*** Opening Stored data ***

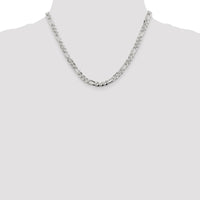 Sterling Silver 5.5mm Pavé Flat Figaro Chain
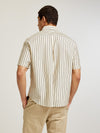 Beige Stripe Short Sleeve Shirt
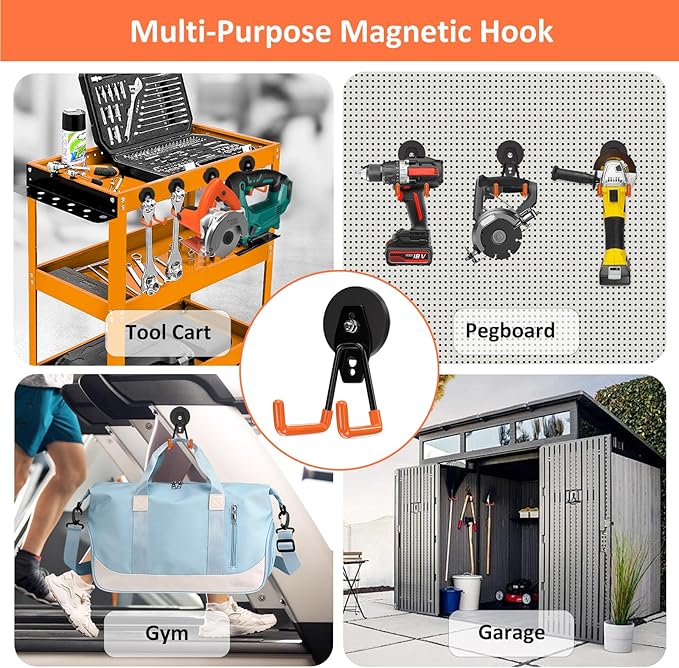 ENUODA Magnetic Hooks Heavy Duty Magnetic Tool Holder Utility Neodymium Magnet Hooks for Hanging Coat, Toolbox, Shovel, Broom, Mop, Container, Van, Cabinet, Locker, 2 Pack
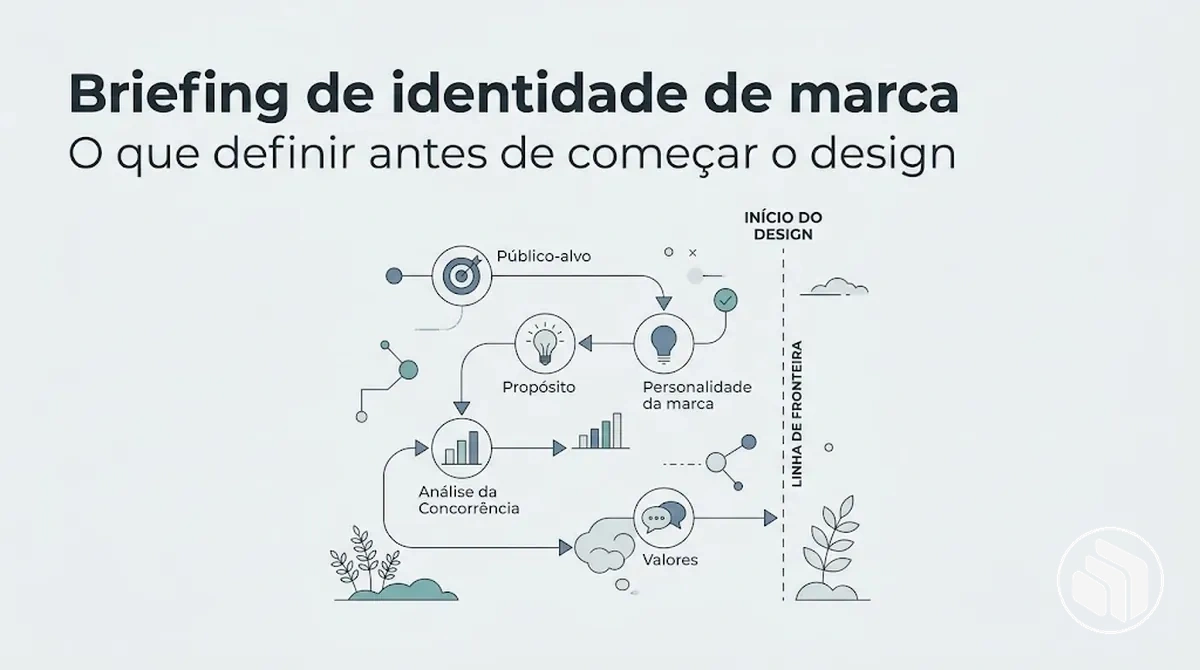 Briefing de identidade de marca com as principais decisões antes do início do design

*** Closing Stored data ***

● **What this task involves**
When the line that holds "ENUODA Magnetic Hooks" is reached, begin duplicating exactly, and continue through the last line of the listing, skipping the pictures; output nothing else.

● **Response**
 ENUODA Magnetic Hooks Heavy Duty Magnetic Tool Holder Utility Neodymium Magnet Hooks for Hanging Coat, Toolbox, Shovel, Broom, Mop, Container, Van, Cabinet, Locker, 2 Pack
 Briefing de identidade de marca com as principais decisões antes do início do design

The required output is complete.